David Emge, who played the helicopter pilot turned zombie Stephen in George A. Romero‘s Dawn of the Dead, has died. He was 77.
Emge’s family shared the news of his death with the Evansville Courier & Press, a newspaper in his Indiana hometown. He died Saturday at the West River Health Campus. A cause of death was not disclosed.
In addition to Romero’s 1978 sequel to his 1968 classic Night of the Living Dead, Emge appeared in such other films as The Devil and Sam Silverstein (1976), The Liberation of Cherry Janowski (1976), Basket Case 2 (1990) and Hellmaster (1992).
In a documentary about the making of Dawn of the Dead, Emge recalled what was going through his head before filming began.
“Being the zombie was something that I could just like, grab onto,” he said. “I sat there for weeks and weeks watching all of these people coming up with ‘their’ zombie.

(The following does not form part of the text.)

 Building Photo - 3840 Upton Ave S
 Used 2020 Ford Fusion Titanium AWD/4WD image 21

And I’m thinking, ‘What am I gonna do?’ I had to come up with something that was distinctive enough, so I thought, ‘OK, now, so what happens to this guy?’ He gets bit in the neck, he’s bit in the leg, he’s shot in the arm, so basically, the zombie image came out of the wounds that he received.”

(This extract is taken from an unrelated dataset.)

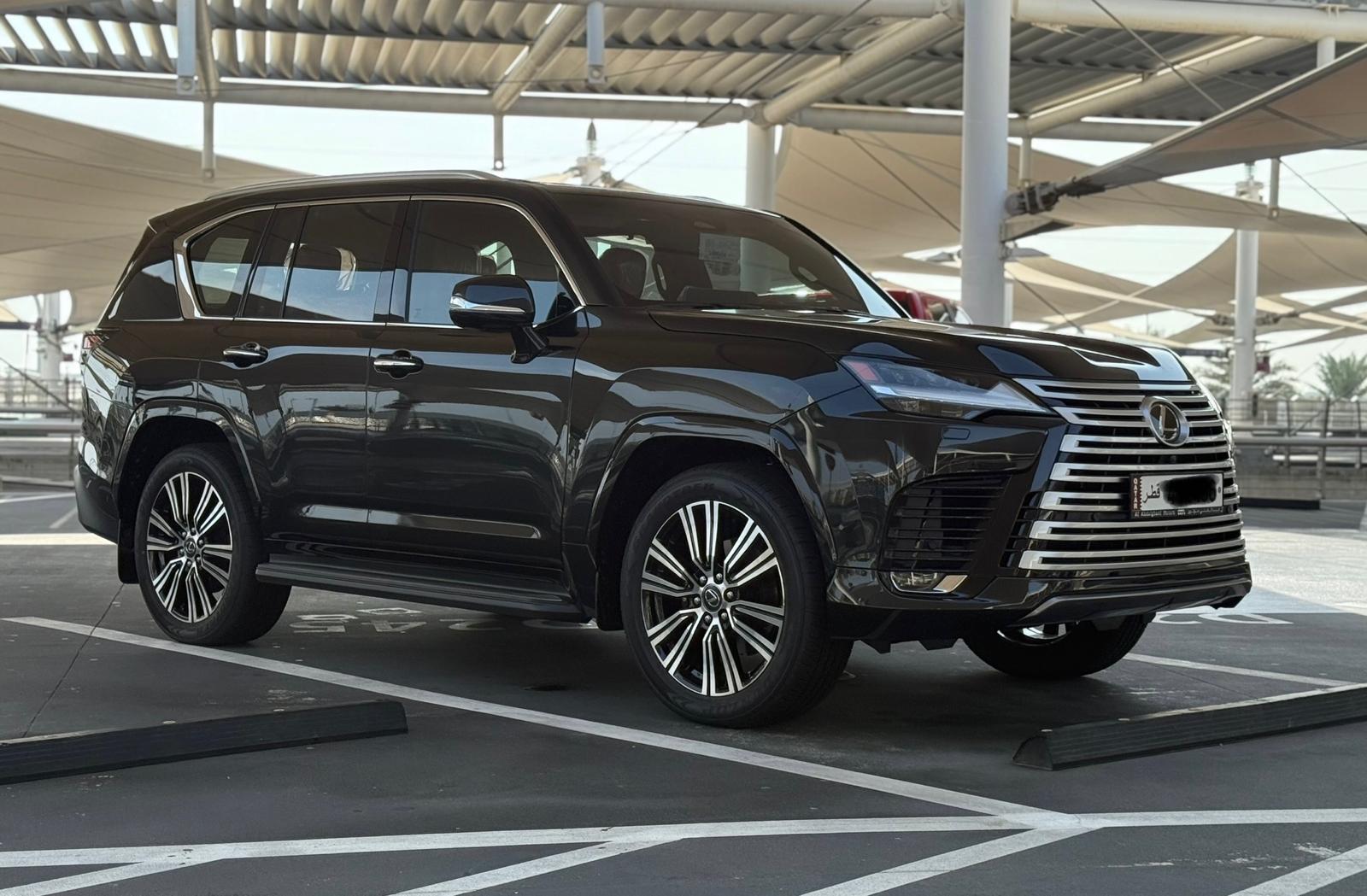 Lexus LX-600 2025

David Michael Emge was born in Evansville, Illinois, on Sept. 9, 1946, to Richard Andrew and Gertrude Mary Emge.
He graduated with a bachelor of arts degree from the University of Evansville, where he studied drama. While in college, he was drafted into the U.S. Army and served during the Vietnam War.
His post-schooling acting career began in 1971 onstage at the Pittsburgh Playhouse, and he made his film debut in the comedy The Booby Hatch (1976). He began working as a chef at a restaurant in New York City that year before being cast as Stephen in Dawn of the Dead.
Survivors include his sisters, Sue, Kathleen and Barbara, and several nieces and nephews.